“Concord and Discord: Examining Ancient Stories” is a two person show of the work of area artists, Mary Anne Donovan and Cynthia Kukla. In many ways, though, it is a single show as well. Themes, palettes, strategies, motifs and formal approaches bounce back and forth between the work of both artists. Each artist invites the viewer into the world of the other.
Classical references to goddesses and architectural forms anchor the work. The temple and the arch locate the figure in time and place. The icon format presents the goddess/female forms to the viewer, saying, “have reverence.” The palettes in paint and watercolor are warm, rich and evocative. They enhance the layering in the images to evoke time in dreams and history. Both artists are strongly and noticeably influenced by travels to the places they reference.
Images of both artists are not ones to simply look at. They are ones to enter into. A first response is not to identify what’s there, but rather to just be there. There will be plenty of time later to make sense of it.

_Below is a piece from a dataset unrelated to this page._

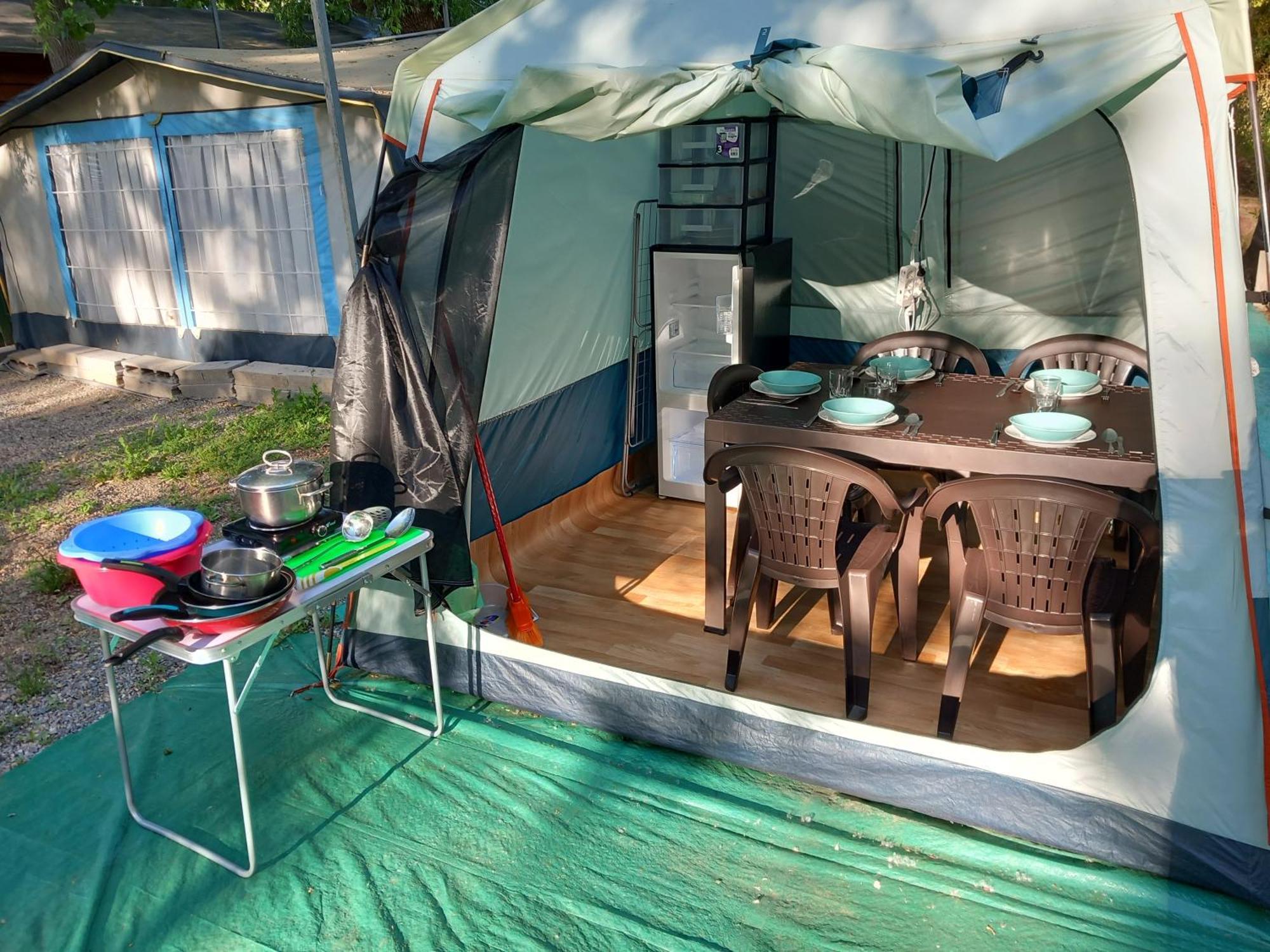 Camping Valle Del Andarax Fondón Buitenkant foto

Contemporary art, in my experience, does not so often concern itself in a direct way with spiritual concerns. Both Donovan and Kukla make this a core element of their work. In the latter part of the 20th century, feminism brought women artists a new awareness of the goddess and of the spiritual nature of women. I see welcome reverberations of these themes in the work of these two artists. What’s in a work of art resonates with or unearths those same things in an attentive viewer. Both artists are calling out the spirituality in us.
Mary Anne Donovan constructs many of her images so that the figurative form pulls other ideas and symbols into itself as in the “Demeter” pieces, not telling the story directly but leaving that to the viewer. In “Persona”, another appealing element of the work is the energy and rhythm of the brushwork. It dances.
Curiously, just before I saw this show, I happened to view the Kara Walker exhibition at the Cincinnati Art Museum.
It was a pleasant surprise to be able to connect Donovan’s goddess to Walker’s powerful woman, both pierced by a window to a world beyond. Donovan’s goddesses, like Walker’s, are storytellers.
Cynthia Kukla’s work offers the viewer landscapes populated with classical references and temple forms. These images float in time and history, where history and place are not fixed but fluid. Kukla’s palette is expansive, bright though sometimes subdued, assertive though sometimes quietly. Together these elements suggest a past trying to persist in its narratives. One other way it occurred to me to think of these works is as maps in space and time. This is what I see in images like ‘Arcadia II: xviii,” “Charioteer I: I” and “Worlds Becoming I: i.”
See this show. Meet these gods and goddesses. Search for the stories told in cultural and spiritual symbols. Enjoy the mystery.
“Concord and Discord: Examining Ancient Stories” runs through January 15, 2022 at the Annex Gallery, 1310 Pendleton St. Cincinnati OH 45202. Open Wed.-Sat. 12-5 PM.